# 1995 Audi A6 camshaft sensor Installation



## Oz's Jetta (Feb 14, 2008)

OK guys, if it ain't one thing it's another. My wifes 1995 Audi A6 car was running great and then from time to time if wouldn't start. Now were talking once a week it wouldn't start. Wait a few and it would and maybe it wouldn't. So we took it to the "stealership" http://****************.com/smile/emthdown.gif and found out that it was a low battery.....WRONG. $90 dollars and two days and the same thing it wouldn't start.







So there like well we need to put it back on the computer, but I'm sure it's the Camshaft positon sensor and for $270 we'll install it for you. So my question is, Where is the sensor located and how hard is it to install? If anyone has pictures that would be a great help. Screw the dealerships!!!!


----------



## Oz's Jetta (Feb 14, 2008)

*Re: 1995 Audi A6 camshaft sensor Installation (Oz's Jetta)*

Also guys, the car is running great while it's running and no sluggish power or bad gas mileage, I just wanted to clear that up. Any help?


----------



## Oz's Jetta (Feb 14, 2008)

*Re: 1995 Audi A6 camshaft sensor Installation (Oz's Jetta)*

ttt.........any picture of where the camshaft position sensor is?


----------



## Oz's Jetta (Feb 14, 2008)

ttt


----------



## Mark @ Wolfsburg (Apr 9, 2008)

*Re: 1995 Audi A6 camshaft sensor Installation (Oz's Jetta)*

The cam position sensor is located at the back of bank 2 (left) cylinder head and is sensing the camshaft position via a windowed (slotted) rotor attached to the rotating camshaft and a hall effect sensor in a round aluminum housing bolted to the cylinder head. it will take a 10 mm socket (better make it a 1/4" drive ratchet setup because of limited access). first unplug the two wire connector by depressing the release loop and gently pulling the connector. then unbolt the sensor.
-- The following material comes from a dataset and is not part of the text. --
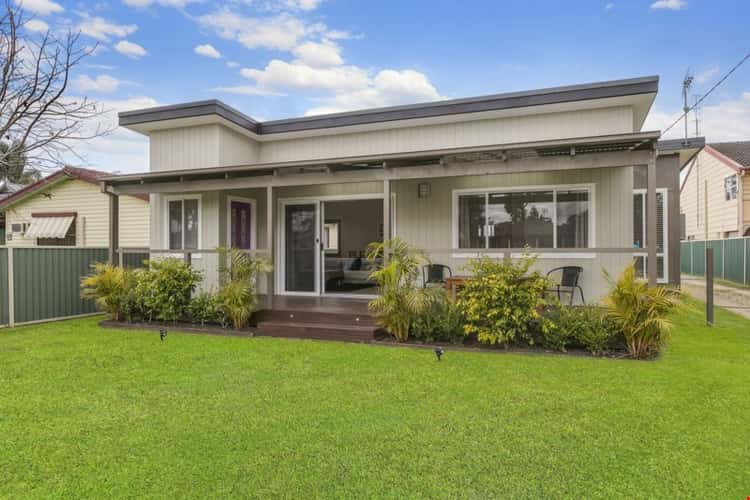 Main view of Homely house listing, 1/17 Shamrock Drive, Berkeley Vale NSW 2261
Inspect the metal rotor (I've seen them come loose once or twice). If its ok, just replace the Hall effect sensor in its aluminum housing: bolt the new sensor in place. plug in connector an you're done.: easy job.
Don't judge your repair shop too harshly: intermittent failure of this part may be difficult to find. It is also very possible that the crank position sensor may be faulty. If the crank sensor is not working THE CAR WILL NOT START!! If the cam poslition sensor is not working the car may or may not start. Unplug the cam sensor while the car is running and the car will likely stay running. Leave the sensor unplugged and turn off the engine. now try to restart: the engine will likely restart with no problem... But a DTC may be set and the check engine light may come on. Good luck!


----------



## Oz's Jetta (Feb 14, 2008)

*Re: 1995 Audi A6 camshaft sensor Installation (Mark @ Wolfsburg)*

Thanks for the comment back. Yeah I found it and it took 15 minutes to take off and replace. Car started the first time and runs fine.


----------



## moey (Aug 11, 2008)

*Re: 1995 Audi A6 camshaft sensor Installation (Mark @ Wolfsburg)*

Hi, could someone be so kind to tell me where I would find the crankshaft position sensor on this car.


----------



## ((CoLLeeN)) (Oct 21, 2008)

*Re: 1995 Audi A6 camshaft sensor Installation (moey)*

like he said above.. 
driver's side of the engine under the coolant reservist against the back part of the engine


----------



## A6 Bingo (Dec 24, 2009)

*Re: 1995 Audi A6 camshaft sensor Installation (((CoLLeeN)))*

Merry Christmas I realize this isnt the right engine thread but u guys seem to be very quick to respond.
Hey, Im sure i wont be much help, because Iv got a problem. So my 2000 Audi A6 2.7t manual 6 speed, was driving great after i did a tune up plugs oil/filter air filter fuel filter i bought it from a very cold area and im assuming my buddy messed something up while helping me because he was kinda rough on the stuff, think a wire got brittle n broke or something.
Post the tune it was fine then it just died all of a sudden. Originally, it only did it when i compressed the brakes but then it did it all on its own from an idle. I looked under the hood jiggled some stuff and bang workin fine for a few days. Then the other day did it again, this time i got stuck side of the road, its new years eve and life sucks, FML its my only car and Im recently single so no GF to drive me around.
Point-- I pulled a code and got P0322 -- Which after looking it up came out as-- Ignition/Distributor; Engine speed input circuit no signal.
whiichh means---- Faulty Crank position sensor (Aka engine speed sensor) Speed sensor
The problem I have is that i have been looking for this stupid thing every where and cant find it on the engine. Been looking obviously it needs to be replaced. I really hope this has helped anyone whos got the same problem because iv been squabling over it for a min. Its my life that it would happen on this festive occation (CHRISTMAS EVE) Merry Xmas everyone.
If anyone could help me by helping me find this thing, perhaps a very descriptive description or even a picture would be a little christmas miracle.


----------